N times of a number using Recursion_how return type of recursion method works

private static int nTimesK(int n, int k) {
System.out.println("n: " + n);
// Recursive Case
if(n > 1) { 
    return k + nTimesK(n - 1, k);
}
// Base Case n = 1
else { 
    return k;
}
}
public static void main(String[] args) {
int result = nTimesK(4, 4);
System.out.println("Result: " + result);
}

Query:
it runs like return k+ntimesK(3,4),it runs like return k+ntimesK(2,4),it runs like return k+ntimesK(1,4)
where n=1 is the base case. wanted to know how 4+ntimesK(3,4) will result in value 8 followed by 12 and finally 16.

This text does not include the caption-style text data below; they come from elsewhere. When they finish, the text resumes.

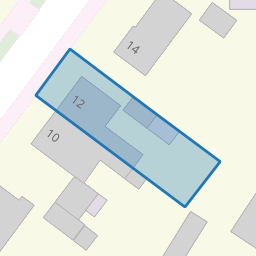 Perceel HUL00-F-3512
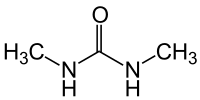 Image illustrative de l’article Diméthylurée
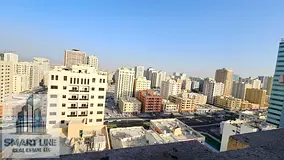 FULLY SUN LIGHTED HUGE 1 BHK WITH WINDOW AC AND BIG BALCONY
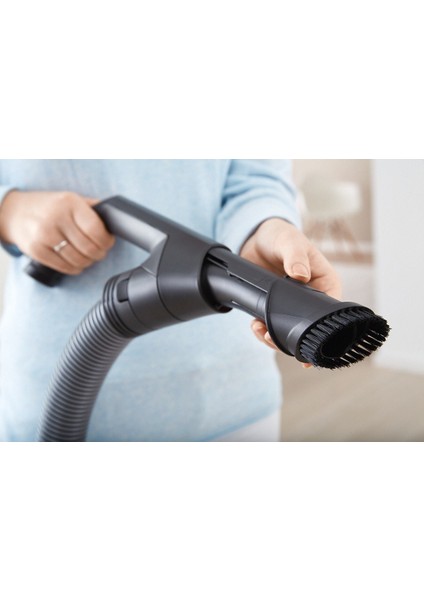 Blizzard CX1 Cat&Dog Mango Kırmızı - Toz Torbasız Süpürge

Assume you call the method passing in 4 and 4 (i.e. nTimesK(4,4)), inside the method, since n>1 (4 is greater than 1) it executes return k + nTimes(n-1, k). The statement is replaced by 4 + nTimesK(3,4) (we call this point A). The computation can not return the response because it has to wait for the result of nTimesK(3,4). When nTimesK(3,4) is called, it should return 4 + nTimesK(2,4)(we call this point B) to the first call (A). It has to wait for nTimesK(2,4) to execute before returning the result. So, nTimesK(2,4) is called and it returns 4 + nTimesK(1,4) (we call this point C). When C executes nTimesK(1,4), the call returns 4 (being the base condition. ie. n = 1). So, C can now return 4 + 4 (=8)to B. B can also now return 4 + 8 (=12) to A. A computes 4 + 12 (=16) and returns the answer to the original call. Hence the value 16.